How to perform "delete" operations in Snowflake using "delete+insert" in incremental strategy and materialization?

The problem I’m having

I’ve been trying to write up a model that will handle all the insert, update and delete of data in Snowflake. I’ve used the incremental strategy as “delete+insert” and added a date based condition in the “is_incremental()” so that the records in the source with value for the check column greater than the current max value in target will be considered as the “incremental/delta” dataset.

After multiple runs, I can see that the Insert and Update operations are happening as expected, however, the deletion of the records are not happening.

Can anyone tell me what it is I am missing in the configuration or code?

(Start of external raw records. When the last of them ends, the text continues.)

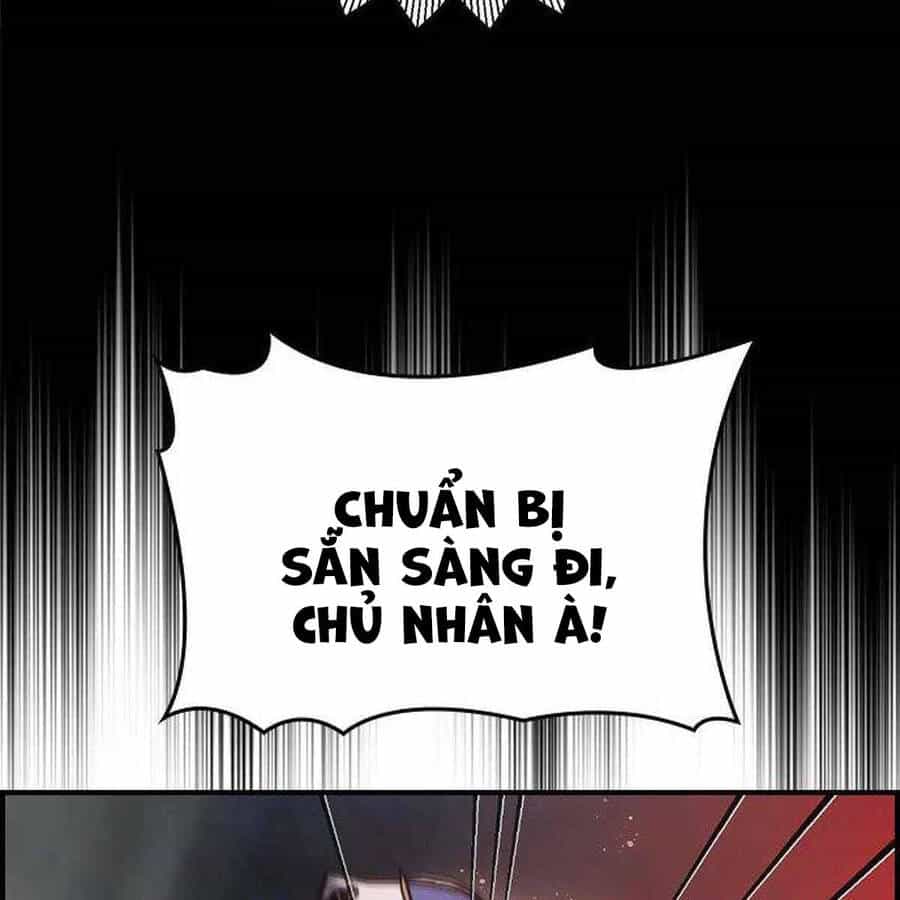 Kẻ Luôn Kết Thúc Bằng Bad Ending - Chương 12 - ảnh 10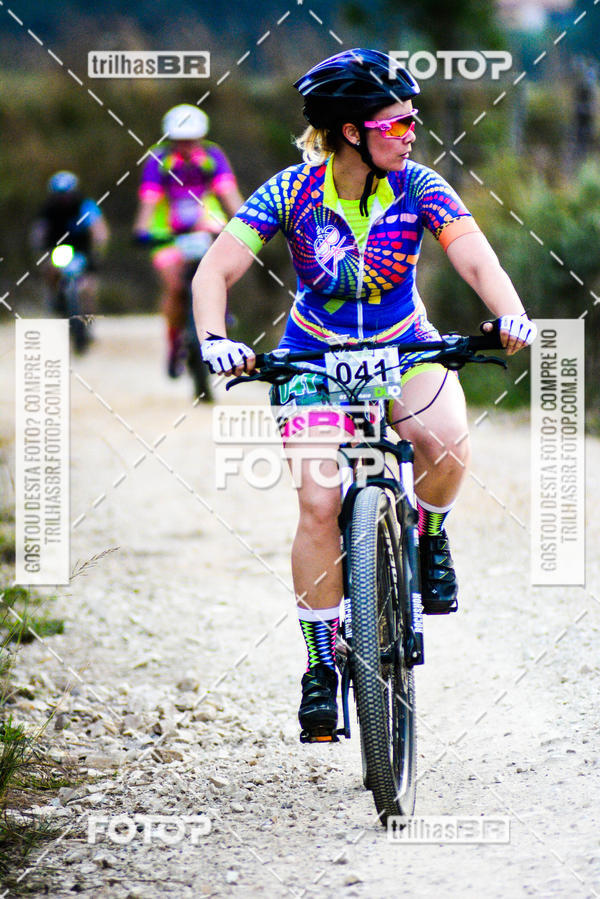 Buy your photos of the eventEndorphhine Duo Bike + Corrida on Fotop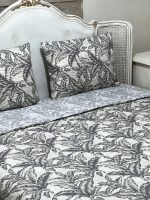 روتختی پنبه دوزی دونفره کد 00109 - Image 2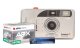 AgfaPhoto Compact Set FF 1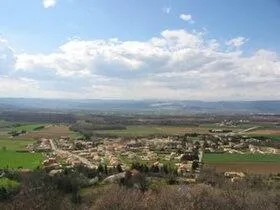 Nuit Blanche DJ - DJ - Allan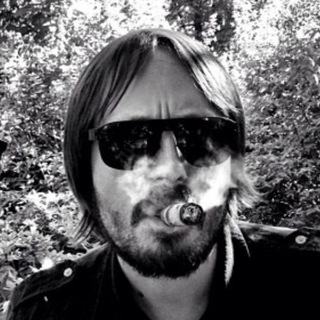 Логотип @hoodyakovofficial - Hoodyakov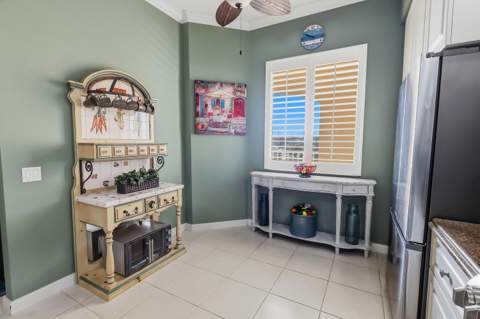 36 Harbour Isle Drive #304, Fort Pierce FL - photo 10 of 41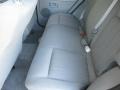 2005 Stone White Jeep Grand Cherokee Laredo 4x4  photo #24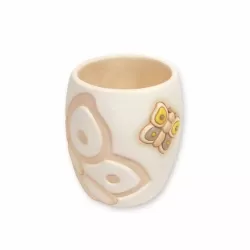 Portapenne elegance - Thun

The context of why I’m trying to do this

The source dataset will introduce new records, updated records as well as deleted records in the incremental pulls. We need to be able to reflect all three operations in the target as well.

What I’ve already tried

I’ve already tried using the “merge” and “delete+insert” incremental strategies along with the is_incremental() macro with a date field based comparison to identify the delta records.

Some example code or error messages

{{
    config(
        materialized='incremental',
        unique_key='research_id',
        incremental_strategy='delete+insert'
    )
}}

with 
...,
TARGET
AS
(
    SELECT  ...)
 
SELECT distinct *,{{get_audit_col('SOURCE_SYSTEM_NAME','SOURCE_SYSTEM_KEY')}}
FROM TARGET

 {% if is_incremental() -%}

    where LAST_UPDATED_DT >= (select max(LAST_UPDATED_DT) from {{ this }})

{%- endif %}

The delete+insert strategy reflect how updates are applied (instead of updating the row inline, it will delete against the PK and do a new insertion); dbt incremental models will never delete a row without an insertion to replace it.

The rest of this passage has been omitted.